The group's executive director, Christine Owens, said the increases come after years of frustration by hard-working, lower-income Americans.
"Working people are struggling to pay their bills, but they see that it's the corporations and the wealthy CEOs who are getting the tax breaks. It's just not right," Owens said.
"The American people believe in the value of work -- and that workers deserve to be valued. That's why there's such strong support for raising the minimum wage."
Minimum wage workers from Maine to Missouri to Arizona will see bumps in their paychecks. But even as some states increase their minimum wages, the federal minimum wage has been stuck at $7.25 since 2009.
Shelter animals will get help in California
Starting Tuesday, California pet stores won't be allowed to sell cats, dogs or rabbits unless they came from animal shelters or nonprofit rescue groups.
While abandoned pets and overpopulated shelters are nationwide problems, California is the first state to pass such a law.
The new legislation isn't just a "big win for our four-legged friends," said Patrick O'Donnell, the state assemblyman who introduced the bill.
It's also a win for California taxpayers, who "spend more than $250 million annually to house and euthanize animals in our shelters," O'Donnell said.
More women will get on board in California
Publicly held corporations based in California must have at least one woman on the board of directors by the end of 2019.
And by the end of 2021, corporations must have at least two or three female board members, depending on the size of the board of directors.
Violations of this new law can be punishable by $100,000 to $300,000.
The new law isn't just good for equity -- it's good for the economy, supporters say.
The bill cited a 2017 study by the MSCI research group, which found that US companies that had at least three female directors at the beginning of the 2011-2016 period had 45% higher earnings per share than companies that had no female directors at the beginning of that same period.
Ignition Interlocks in California
Come 2019, California will change its laws regarding what happens to those who are arrested for drunken driving. Soon, the state will require an ignition interlock device, or IID, be installed for those who are repeat offenders.
Illinois hunters will be allowed to wear pink
If you love to hunt but hate wearing bright orange, Illinois lawmakers have got your back. Gov. Bruce Vincent Rauner approved House Bill 4231, which expands the color options for hunting from the standard blaze orange to the equally bright blaze pink.
Teen smoking goes up in smoke in Massachusetts
Young people wanting to buy cigarettes in Massachusetts will have to wait until age 21 to do so.
"Raising the age to buy tobacco products in the Commonwealth is an important step to prevent addiction for young people and encourage healthy choices," Republican Gov.
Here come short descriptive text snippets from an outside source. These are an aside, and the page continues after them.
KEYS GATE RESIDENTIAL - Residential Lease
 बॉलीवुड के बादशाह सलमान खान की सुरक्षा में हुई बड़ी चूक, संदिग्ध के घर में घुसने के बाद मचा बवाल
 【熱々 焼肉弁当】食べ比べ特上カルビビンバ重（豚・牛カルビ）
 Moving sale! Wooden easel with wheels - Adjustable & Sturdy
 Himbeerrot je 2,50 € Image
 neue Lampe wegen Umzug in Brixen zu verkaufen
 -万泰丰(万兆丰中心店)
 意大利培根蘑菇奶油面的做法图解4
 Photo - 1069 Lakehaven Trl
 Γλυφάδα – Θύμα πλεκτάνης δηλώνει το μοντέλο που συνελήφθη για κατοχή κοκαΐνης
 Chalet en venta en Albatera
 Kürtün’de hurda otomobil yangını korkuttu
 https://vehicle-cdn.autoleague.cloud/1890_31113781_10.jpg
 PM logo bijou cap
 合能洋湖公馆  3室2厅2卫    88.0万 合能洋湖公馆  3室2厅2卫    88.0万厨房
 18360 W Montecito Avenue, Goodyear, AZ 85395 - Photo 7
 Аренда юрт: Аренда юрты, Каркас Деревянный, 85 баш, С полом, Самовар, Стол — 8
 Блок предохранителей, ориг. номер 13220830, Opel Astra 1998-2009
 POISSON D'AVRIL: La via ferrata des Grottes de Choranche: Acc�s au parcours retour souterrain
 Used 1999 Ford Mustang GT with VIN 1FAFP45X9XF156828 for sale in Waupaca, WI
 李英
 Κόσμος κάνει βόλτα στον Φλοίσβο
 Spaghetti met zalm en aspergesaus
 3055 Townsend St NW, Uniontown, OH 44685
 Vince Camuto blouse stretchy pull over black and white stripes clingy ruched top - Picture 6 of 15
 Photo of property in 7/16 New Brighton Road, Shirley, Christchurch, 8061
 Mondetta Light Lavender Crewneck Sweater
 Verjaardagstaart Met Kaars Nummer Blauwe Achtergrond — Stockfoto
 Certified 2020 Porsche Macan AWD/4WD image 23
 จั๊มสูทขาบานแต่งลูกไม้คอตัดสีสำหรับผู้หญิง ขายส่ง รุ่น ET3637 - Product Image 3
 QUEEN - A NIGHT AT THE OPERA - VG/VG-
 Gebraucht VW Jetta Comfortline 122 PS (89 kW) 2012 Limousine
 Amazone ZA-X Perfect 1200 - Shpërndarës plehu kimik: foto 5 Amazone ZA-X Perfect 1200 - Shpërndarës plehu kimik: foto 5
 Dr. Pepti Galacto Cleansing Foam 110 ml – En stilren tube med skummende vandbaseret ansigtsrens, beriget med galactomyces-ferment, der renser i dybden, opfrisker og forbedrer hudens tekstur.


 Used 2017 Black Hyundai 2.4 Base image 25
Charlie Baker said.
The new law also prohibits the use of tobacco products on the grounds of any primary, secondary or vocational school.
No jury duty for nursing moms
In Illinois, new moms who already have their hands full will have one less thing to worry about. Under House Bill 5745, "Any mother nursing her child shall, upon request, be excused from jury service."
New York state wants you to give back leftover prescriptions
As the opioid crisis keeps claiming more lives, the state of New York announced a drug take-back program to help combat the epidemic.
Under the "Drug Take Back Act," which goes into effect January 6, drug manufacturers will be responsible for the costs of leftover drug collection, transportation and destruction.
The new law also requires chain and mail-order pharmacies to provide collection options, including drop boxes and prepaid mail-back envelopes.
"It is well known the first supply of opioids is often leftover medication a family member or friend received and did not use," a summary of the bill states. "To cut off this supply, we must make the take-back and disposal of these drugs more prominent and accessible."
The program isn't just aimed at preventing drugs from ending up in the wrong hands. It's also meant to prevent patients from flushing leftover drugs down the toilet, which can harm the water supply and aquatic life.
No more golden parachutes over Illinois
Tired of shady officials cashing out with massive severance packages? Illinois lawmakers apparently feel the same way.
Under Senate Bill 3604, government employees fired for misconduct can't get severance pay. For other government employees, severance pay can't exceed 20 weeks of compensation.